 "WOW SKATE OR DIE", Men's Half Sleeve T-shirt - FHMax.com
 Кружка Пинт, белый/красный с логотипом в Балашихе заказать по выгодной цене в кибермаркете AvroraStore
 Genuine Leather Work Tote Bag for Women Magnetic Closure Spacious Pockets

* * * * * * *

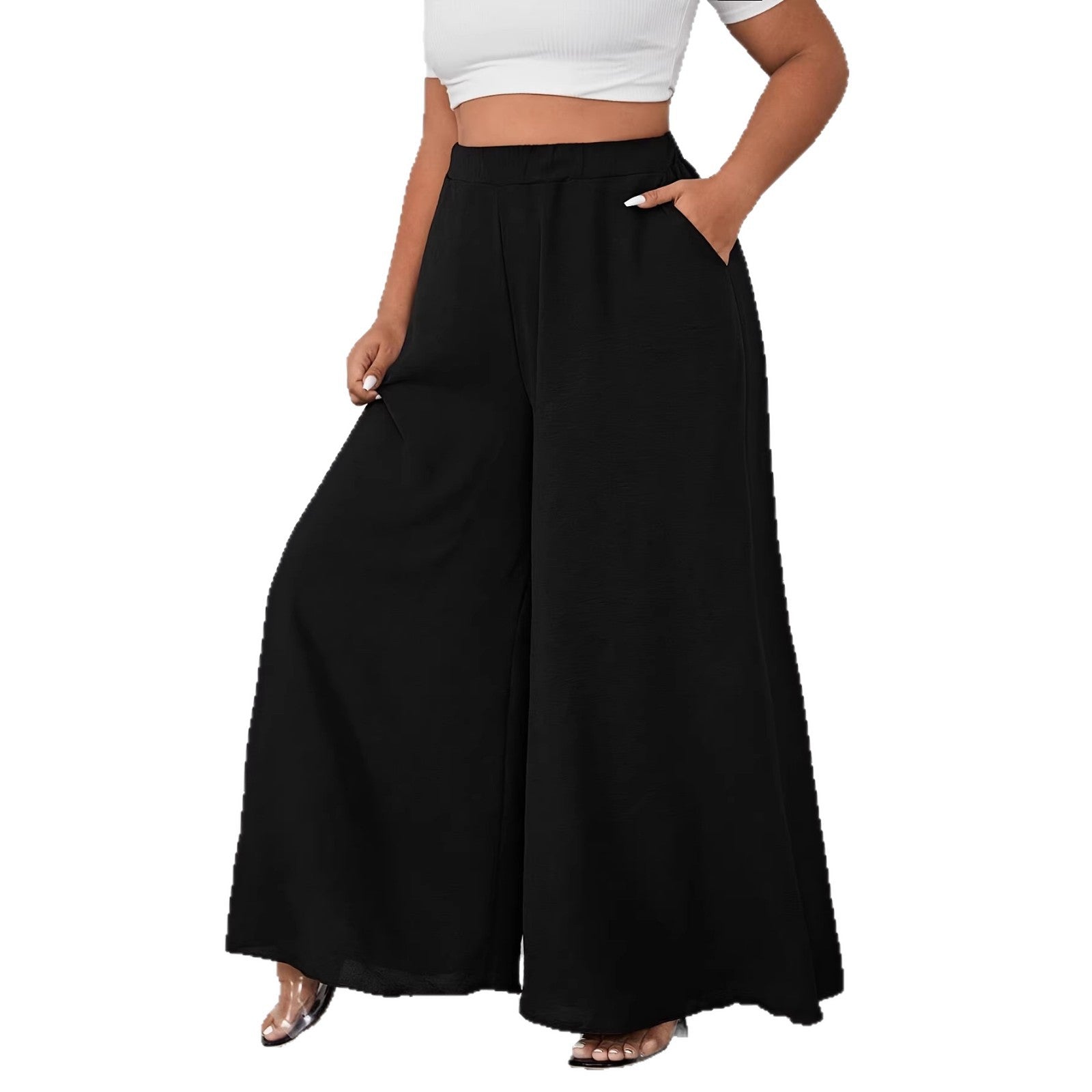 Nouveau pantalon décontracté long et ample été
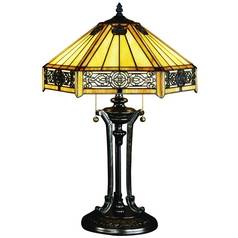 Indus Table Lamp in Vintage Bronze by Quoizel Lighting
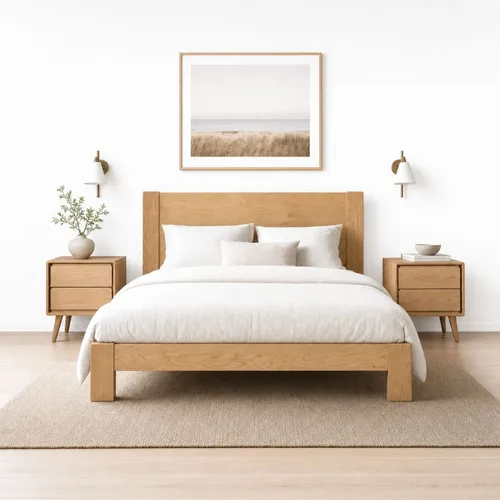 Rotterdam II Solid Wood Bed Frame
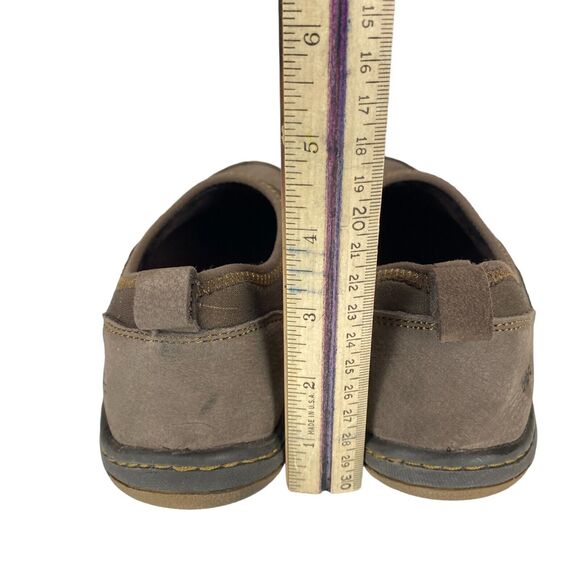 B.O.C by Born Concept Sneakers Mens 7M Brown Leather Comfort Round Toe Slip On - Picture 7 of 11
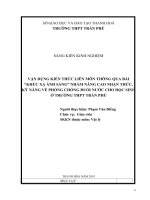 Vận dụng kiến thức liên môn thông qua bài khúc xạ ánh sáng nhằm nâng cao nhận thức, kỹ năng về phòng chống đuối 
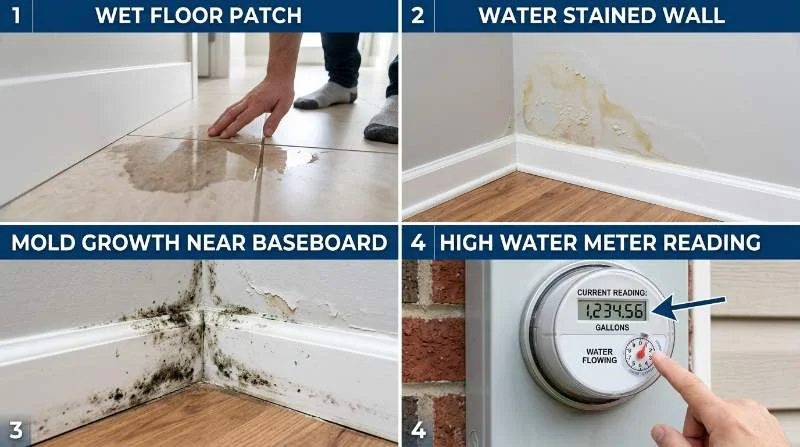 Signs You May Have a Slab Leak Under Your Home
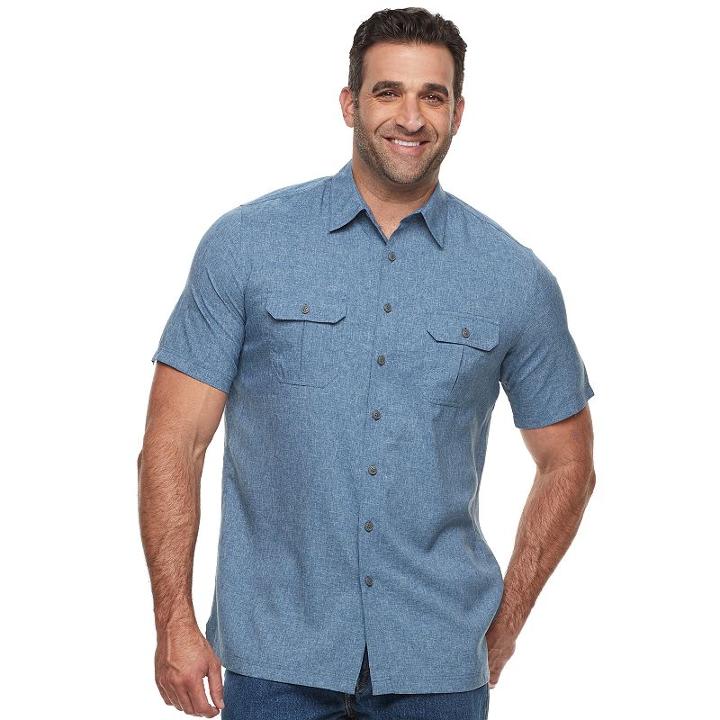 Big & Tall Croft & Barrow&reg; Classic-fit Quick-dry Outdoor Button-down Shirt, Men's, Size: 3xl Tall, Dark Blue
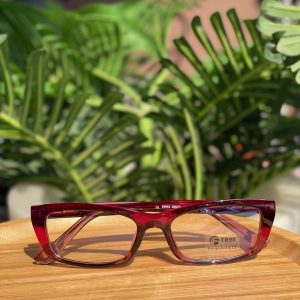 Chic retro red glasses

* * * * * * *

**Task objective:** Above are the records; restate exactly the lines from the one containing "Indus Table Lamp" through the one containing "Signs You May", keeping pictures out.

**Solution for this task:**
 Indus Table Lamp in Vintage Bronze by Quoizel Lighting
 Rotterdam II Solid Wood Bed Frame
 B.O.C by Born Concept Sneakers Mens 7M Brown Leather Comfort Round Toe Slip On - Picture 7 of 11
 Vận dụng kiến thức liên môn thông qua bài khúc xạ ánh sáng nhằm nâng cao nhận thức, kỹ năng về phòng chống đuối 
 Signs You May Have a Slab Leak Under Your Home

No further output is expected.